Le ministre délégué auprès du Chef du gouvernement chargé de l’Investissement, de la Convergence et…
Textile: faut-il avoir peur des investissements chinois au Maroc ?
Publié leL’intérêt soudain des investisseurs chinois pour le secteur textile marocain soulève bien des questions. Qu’est-ce qui attire ces capitaux chinois au Maroc ? Ces investissements représentent-ils une menace pour les petits opérateurs locaux ou risquent-ils d’étouffer les champions nationaux ? Et surtout, sommes-nous vraiment dans une situation gagnant-gagnant entre les deux pays ?
Omega Textile, Romantic Co Ltd sont deux entreprises installées au Maroc et opérant dans le secteur du textile.
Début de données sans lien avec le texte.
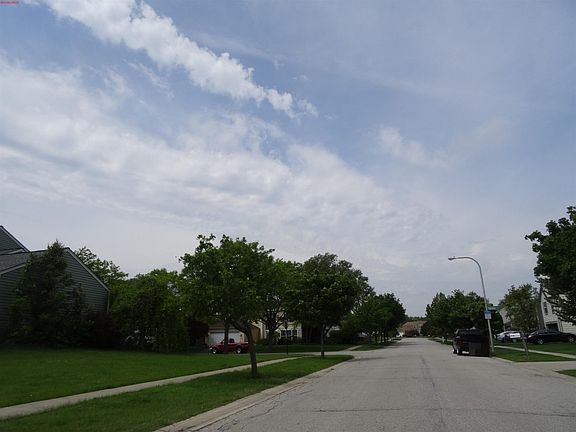4th image of 981 Annandale Dr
Leur point commun ? Ces entreprises, bien qu’établies au Maroc, sont détenues par des capitaux chinois. Ce sont des filiales marocaines d’entreprises chinoises, la première évolue sur le segment des chaussettes, de la bonneterie et de la lingerie, alors que la seconde produit de la maroquinerie, plus précisément des sacs à main pour femmes. Ces deux entités pourraient bien être l’arbre qui cache la forêt.
En effet, les entreprises chinoises installées au Maroc dans le domaine du textile sont en pleine croissance. Leur activité aussi. Pour ne citer qu’Omega, la filiale a ouvert, entre 2019 et 2022, trois sites entre Casablanca et Kénitra. Et les retombées, en création d’emplois et en valeur ajoutée, déjà enregistrées par ces implantations ne sont rien par rapport à celles à venir, car l’afflux de textiliens en provenance de l’Empire du Milieu n’est pas prête de s’estomper. En effet, des investissements plus conséquents sont en passe de s’opérer. Pour s’en convaincre, il suffit d’observer l’actualité du secteur ces derniers jours.
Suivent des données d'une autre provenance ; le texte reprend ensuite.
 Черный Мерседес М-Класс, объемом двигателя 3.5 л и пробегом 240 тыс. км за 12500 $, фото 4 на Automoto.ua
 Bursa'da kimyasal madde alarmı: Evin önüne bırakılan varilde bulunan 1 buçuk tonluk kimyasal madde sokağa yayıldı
Une coopération en développement
Depuis le début de l’année, l’axe Rabat-Pékin a été sollicité de nombreuses fois dans le cadre d’une coopération étroite dans ce secteur. En avril, l’Association marocaine des industries du textile et de l’habillement (AMITH) a reçu à Rabat le groupe chinois Sunrise, comptant parmi les leaders mondiaux du textile. Le clou de cette rencontre qui s’est déroulée au siège du ministère de l’Investissement, de la Convergence et de l’Évaluation des Politiques Publiques (MICEPP) en présence du ministre, a été la signature d’un mémorandum d’entente. «L’objectif de ce partenariat est la création d’un parc industriel entièrement intégré au Maroc, qui englobera toute la chaîne de valeur du secteur textile, de la filature du coton à la fabrication de vêtements», a indiqué l’AMITH dans sa newsletter de juin 2024. La Fédération a alors indiqué que cette collaboration devrait permettre la création de quelque 10.000 emplois.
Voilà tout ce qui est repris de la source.